The anti-incinerator movement in China refers to the series of environmental protests that have occurred in opposition to China's numerous planned and operating industrial waste incinerators. The construction of these waste-to-energy facilities, which has prompted the ensuing protest movement, operates as part of China's ongoing efforts to restructure its waste disposal system in regard to its status as the largest producer of municipal solid waste worldwide since 2004. Described by some as being a new type of NIMBY protest, the roots of the anti-incinerator movement can be traced back to the early 1990s, following the introduction of China's first generation of incinerator plants. The movement, however, began in earnest with the benchmark 2006 Liulitun protest taking place in Beijing.

Since the success of the Liulitun plant protest, in which the proposed incinerator in Beijing's Haidian district was indefinitely postponed, numerous other instances of dissent surrounding China's incinerator plants have transpired, with particularly notable examples occurring in Guangzhou, Wujiang and Panguanying. While the individual protests have differed in terms of participants, tactics used and government response, each has been demonstrably oriented around environmental and health concerns emanating from the pollution and potential human cost associated with operating waste-to-energy incinerators.

Despite various successes occurring for protests of this type, China's national government has continued to acknowledge incineration as a viable solution for managing municipal waste, and as such, has continued to plan and develop numerous incinerator plants throughout the country.

== History ==
The first instances of dissent aimed at China's waste incinerators occurred as early as 1994, when the nation's first incinerator plant was implemented on the mainland. Since that time as many as 54 cases of incinerator-related disputes have been reported. The protests however did not begin achieving their current prominence and scope until the Liulitun protest in Beijing, which began in 2006 and extended into early 2011, ending with the ultimate cancellation of the incinerator project at its original location.

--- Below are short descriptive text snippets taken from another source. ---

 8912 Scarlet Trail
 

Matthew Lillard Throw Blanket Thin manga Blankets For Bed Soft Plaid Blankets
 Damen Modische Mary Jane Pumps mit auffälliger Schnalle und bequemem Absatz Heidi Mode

From these events in Beijing's Haidian district stemmed a series of other like-minded protests, led by individuals who had become empowered by the success of the protest in China's capital. Amongst these were protests in Guangzhou, Wujiang and Panguanying, all of which began during or around the time of 2009. In Guangzhou inhabitants of the residential Panyu district began opposing plans to construct a municipal waste incinerator in their area after coming across a posting on a government website. Eventually, by the end of 2011, protesters were able to get the project cancelled at its proposed site, with the government electing to move the plant elsewhere.

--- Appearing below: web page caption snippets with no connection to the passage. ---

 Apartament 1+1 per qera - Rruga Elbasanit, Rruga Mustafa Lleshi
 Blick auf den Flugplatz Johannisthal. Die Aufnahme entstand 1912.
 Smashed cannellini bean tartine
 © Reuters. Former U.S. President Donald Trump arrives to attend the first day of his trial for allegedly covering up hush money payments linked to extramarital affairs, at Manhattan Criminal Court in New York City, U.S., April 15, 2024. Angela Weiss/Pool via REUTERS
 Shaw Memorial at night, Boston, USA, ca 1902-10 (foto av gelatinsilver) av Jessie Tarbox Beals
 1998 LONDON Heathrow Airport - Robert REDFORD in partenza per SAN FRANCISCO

Similarly, in Pingwang, a town located outside Wujiang city in China's Jiangsu province, residents began opposing the construction of a nearby incinerator plant that was already nearing completion. Their collective efforts, which culminated in a large-scale peaceful demonstration occurring in late 2009, resulted in the plant's construction being halted pending further review. In the same year, in Panguanying, a small rural village in China's Hebei province, villagers utilized assistance from environmental NGOs and urban activists from Beijing to repeatedly halt the project, leading to the proposed plant being shelved after negotiations broke down.

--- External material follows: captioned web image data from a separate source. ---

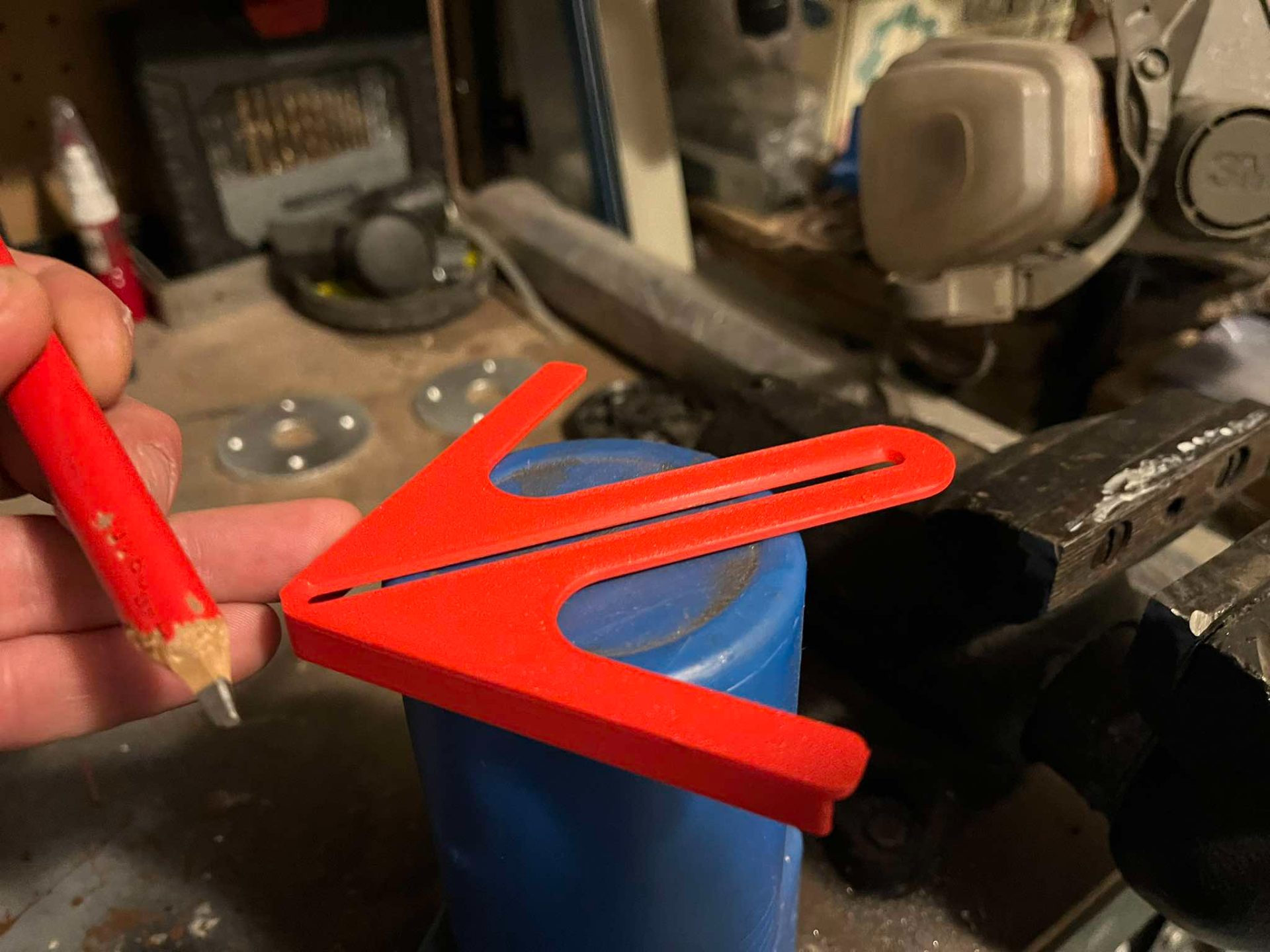 Centering device for finding the center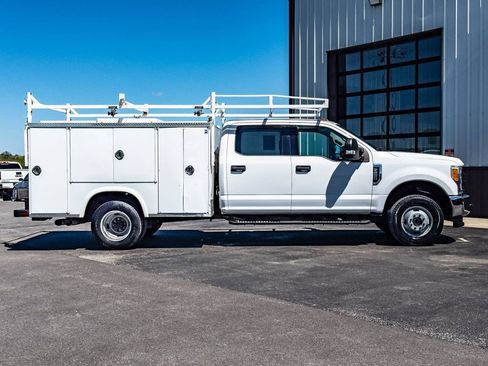 Used 2018 Ford F350 XLT w/ XLT Value Package image 4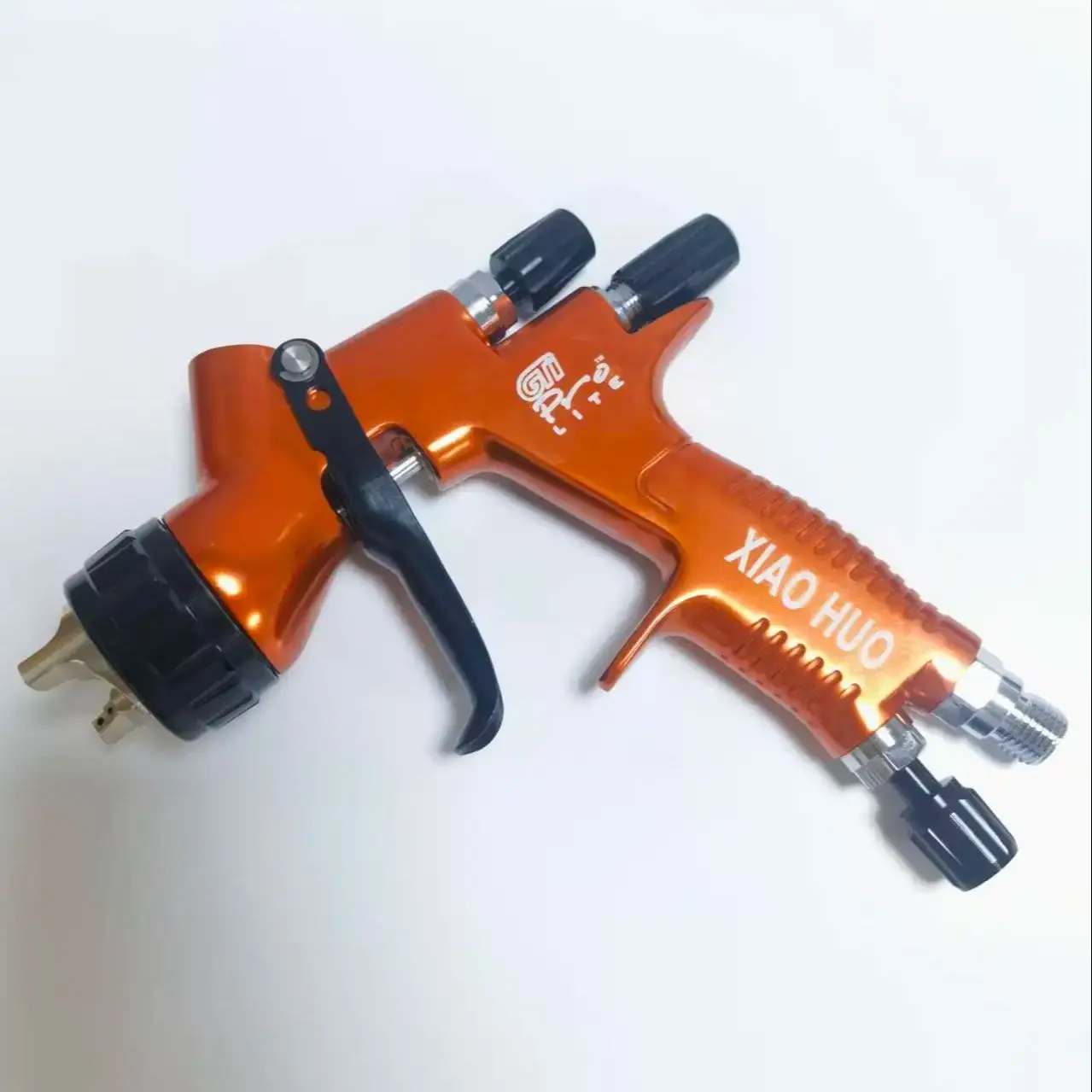 

Bestseller DEVIDISS Clear Coated Spray Gun, 1.3mm Tip, 600ml Cup is suitable for places such as cars, homes, etc Professional Sp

In recent years, as China has continued to develop new waste incinerators, protests have occurred in such places as Lubo town, Zhaoqing city and Sihui city, all in China's Guangdong province. In 2017 there was another notable protest in the south-eastern city of Shenzhen opposing the development of the city's Shenzhen East Waste-to-Energy Plant, which would become one of the largest waste incinerators nationwide upon completion.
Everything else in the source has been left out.